Questions remain about how many recommendations the FAA will act on because several of the same recommendations were made years ago but weren't implemented, said Jim Burnett, a former NTSB chairman.
For example, in 1989, the NTSB recommended that the FAA require flight crews to cross-check the heading indicator with the runway heading. The heading cross-check was not part of Comair's operations manual, nor was it required to be by the FAA.
Burnett, now an attorney and transportation safety consultant, said he thinks the FAA will do something in response to most, if not all, of the recommendations, but "the question is how thorough they will all be."
"There's a tendency to correct one thing and without correcting them all, nothing is solved," Burnett said.
While the NTSB awaits the FAA's response, many of the recommendations are being implemented by some airlines and airports, Deborah Hersman, the NTSB member who was in Lexington after the crash, wrote in an e-mail to the Herald-Leader. "The regulatory action is needed, but the voluntary compliance demonstrates that the recommendations are reasonable."
Some airlines have changed their policies regarding verification and confirmation on the correct departure runway and prohibited operations on unlit runways, said Hersman, who will be in Lexington on Sunday and Monday for public and private memorial services.
Last month, the NTSB made a number of recommendations to the FAA regarding Comair 5191. They included requiring pilots to confirm and cross-check the airplane's location on the assigned runway before takeoff; requiring airports to implement enhanced taxiway centerline markings and painted holding position signs at runway entrances; requiring specific air traffic control clearance when an aircraft crosses a runway; and prohibiting controllers from issuing takeoff clearance until after an airplane has crossed all intersecting runways.

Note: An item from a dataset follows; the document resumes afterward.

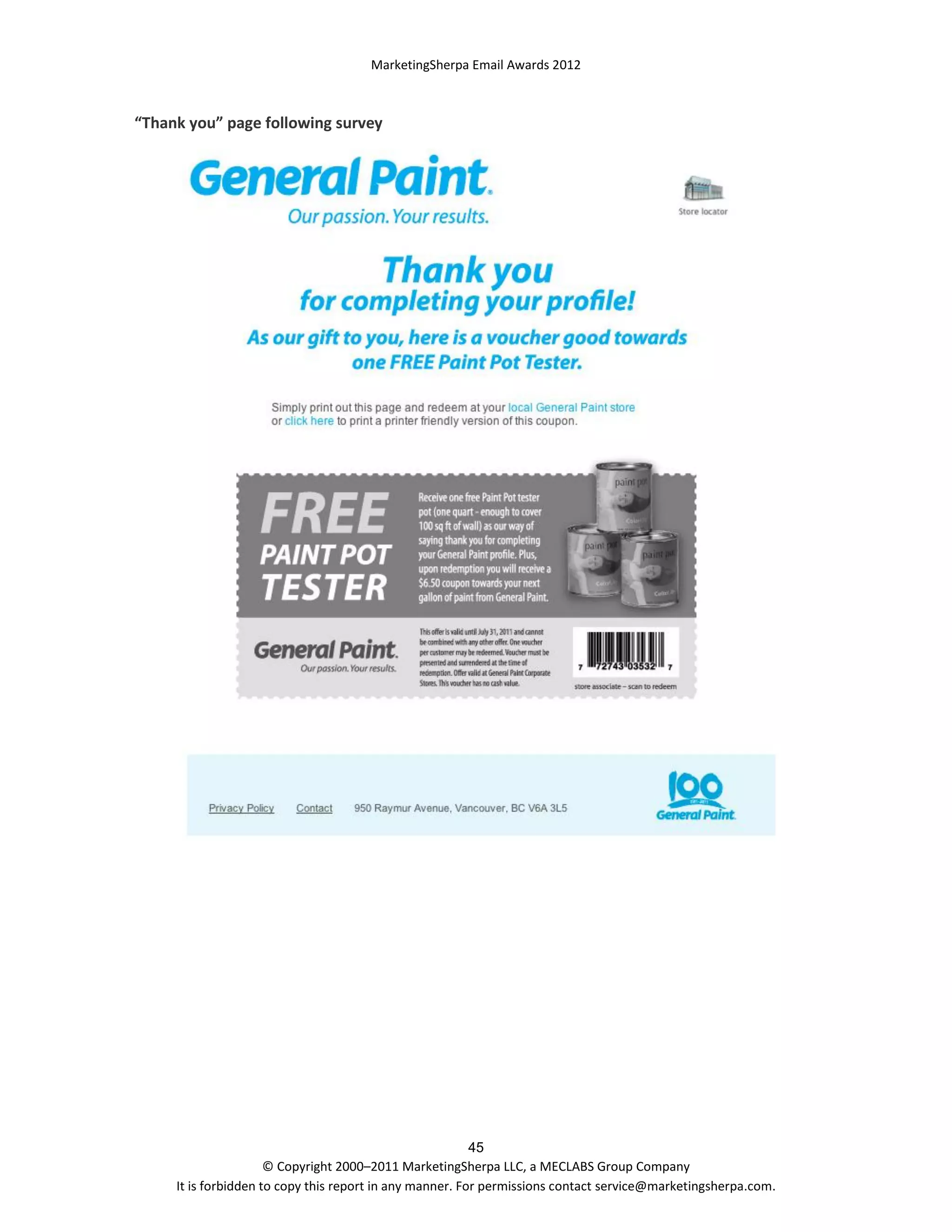 MarketingSherpa Email Awards 2012

“Thank you” page following survey

45
© Copyright 2000–2011 MarketingSherpa LLC, a MECLABS Group Company
It is forbidden to copy this report in any manner. For permissions contact service@marketingsherpa.com.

Comair 5191 crashed after attempting to take off from the wrong runway at Blue Grass Airport on Aug. 27, 2006. The plane attempted to use the shorter, general aviation runway at Blue Grass, instead of the main runway that was twice as long. Forty-nine people died; only the first officer survived.
After a yearlong investigation, the NTSB concluded that the probable cause of the crash rested in mistakes made by the pilots, most notably their failure to realize they were in the wrong place.

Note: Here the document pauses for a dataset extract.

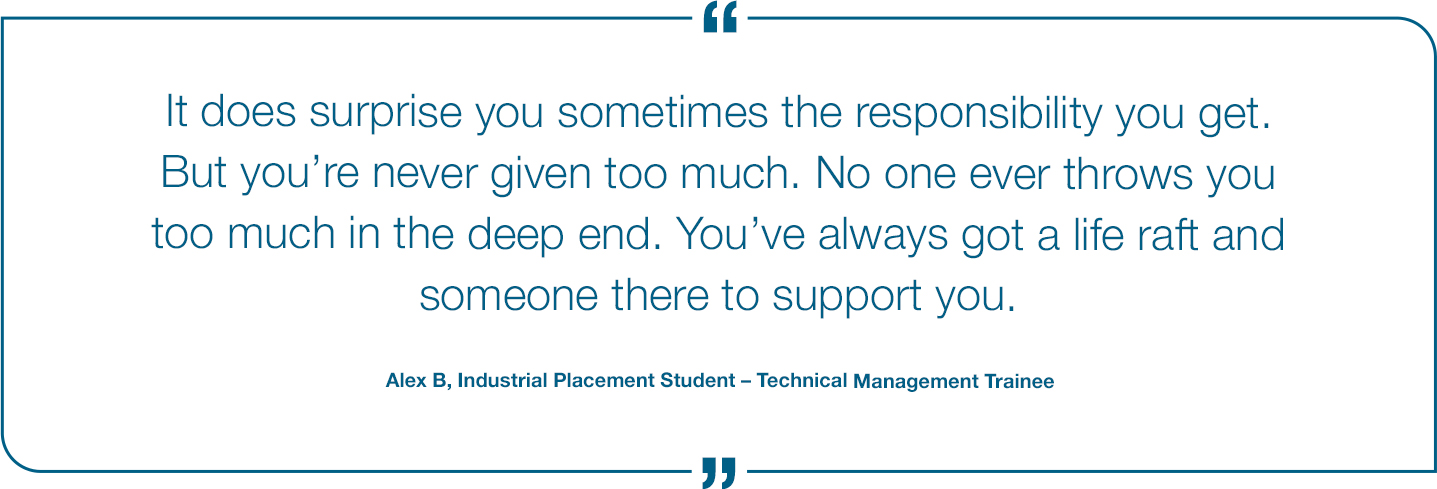 It does suprise you sometimes the responsibility you get. But you're never given too much. No one ever throws you too much in the deep end. You've always got a life raft and someone there to support you. Alex B, Industrial Placement Student - Technical Management Trainee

So far, the FAA has shown a good-faith effort to study some of the recommendations and implement others, said Capt. Terry McVenes, the Air Line Pilots Association executive air safety chairman.

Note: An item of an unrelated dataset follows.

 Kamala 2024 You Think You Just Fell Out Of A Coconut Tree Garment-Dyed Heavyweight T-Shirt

Last week, the FAA hosted a runway safety symposium with aviation industry leaders and put together a 60-day short-term plan that includes reviewing cockpit procedures and air traffic control clearance procedures and beginning safety reviews at airports where wrong-runway departures and runway incursions are a concern. The agency also promised to study the feasibility of advancing the deployment of global positioning technology in planes.
The FAA also urged 73 airports with high occurrences of runway incursions to install enhanced runway markings within the next 60 days rather than a September 2008 deadline. Blue Grass recently added enhanced markings to its runways at the request of the FAA.
"It was a commitment to actually do some of these things people have been talking about and recommending over the last couple of years," McVenes said.
Even before the symposium, the FAA had begun making some changes locally.
In the last year, the FAA has staffed the Blue Grass tower with two air traffic controllers on the overnight shift (there was only one on duty the morning of the crash), added enhanced runway markings and required controllers to issue a take-off clearance only after an aircraft has crossed the general aviation runway that intersects the airport's main 7,000-foot runway.
On the day of the NTSB hearing last month, the FAA announced plans to make changes in how pilots receive notices about changes at local airports across the nation. The agency will eliminate local notices (known as Notices to Airmen, or NOTAMs) which are not distributed nationally. Local notices are currently issued by airports to notify pilots about airfield operations such as lawn mowing and taxiway closings, but critics say the Comair crash exposed holes in that system.
On the morning of the crash, the crew did not have several local NOTAMs, including one about the taxiway that had been closed because of a major runway construction project. The airport faxed those notices to Comair, but they weren't given to the crew. The NTSB determined that the missing notices were not a factor in the accident.
Starting in October, the information that used to be issued in a local NOTAM will be stored and distributed electronically throughout the United States, the FAA said.
The key lesson from Comair 5191 is that the "aviation system requires constant vigilance and attention to every detail," Hersman wrote.
It doesn't matter that a flight crew or controller has performed the same checklist or duty for years. Aviation professionals need to perform as if each flight is the only one they are responsible for, she said.
"Everyone in the aviation system must maintain the highest level of vigilance and precision -- lives depend on it."